**Data**
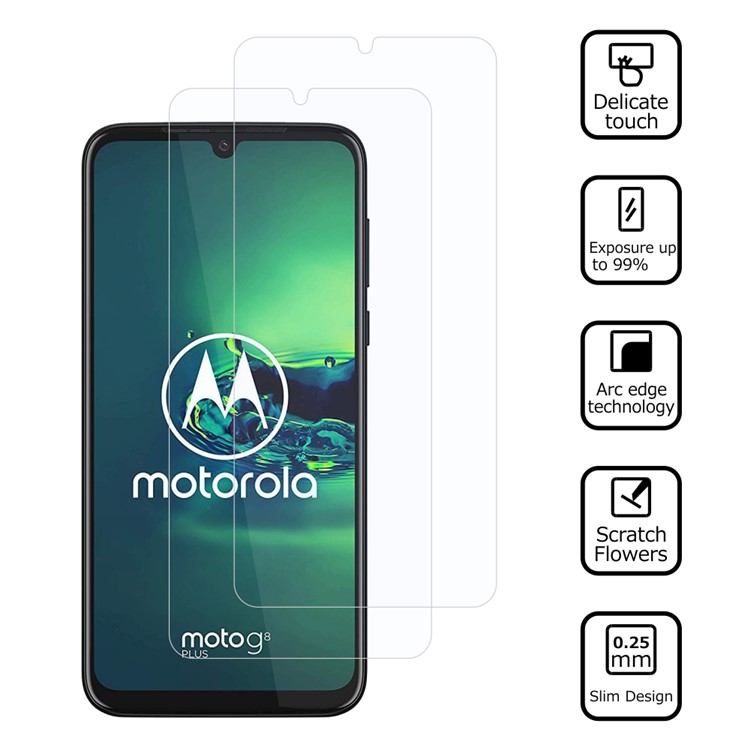 2Pcs/Set ITIETIE 2.5D 9H Tempered Glass Screen Protector for Motorola Moto G8 Plus-9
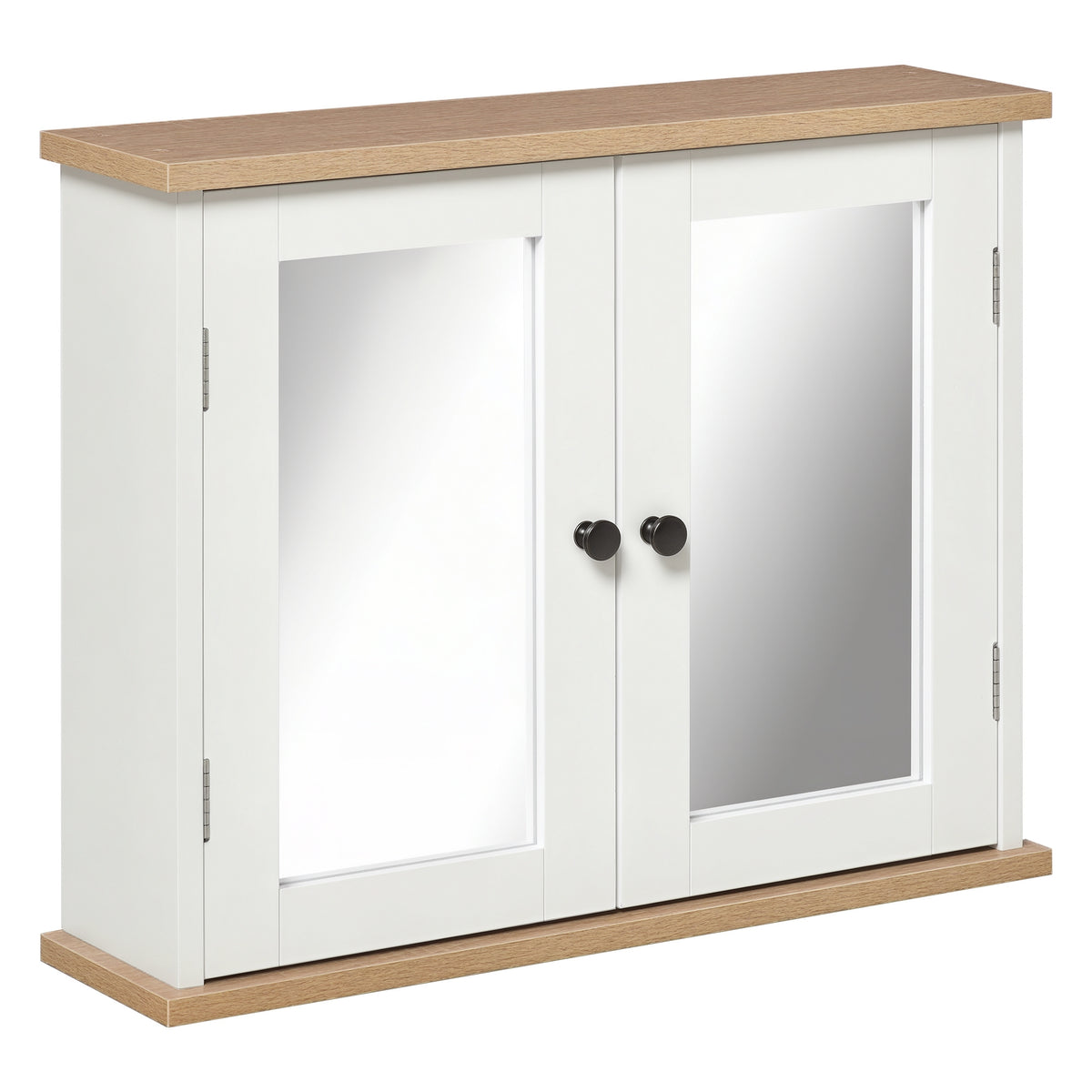 kleankin Bathroom Mirror Cabinet Wall Mounted Storage Cupboard with Double Door and Adjustable Shelf, White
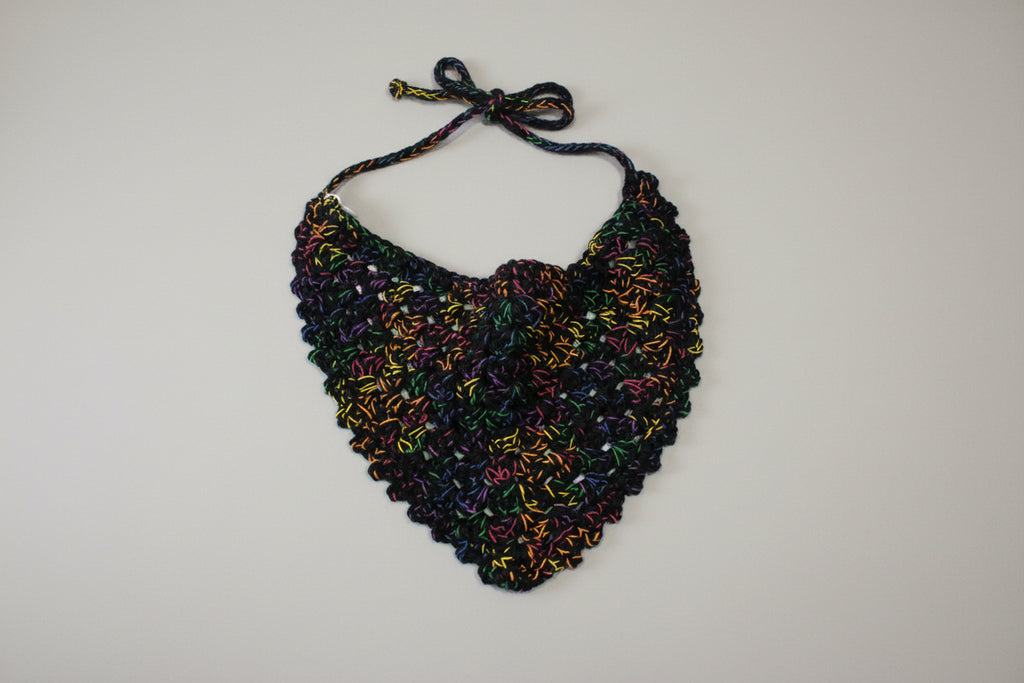 Granny Square Black W/Rainbow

**Work instruction**
Output the listing above exactly, pictures omitted.

**Answer space**
 2Pcs/Set ITIETIE 2.5D 9H Tempered Glass Screen Protector for Motorola Moto G8 Plus-9
 kleankin Bathroom Mirror Cabinet Wall Mounted Storage Cupboard with Double Door and Adjustable Shelf, White
 Granny Square Black W/Rainbow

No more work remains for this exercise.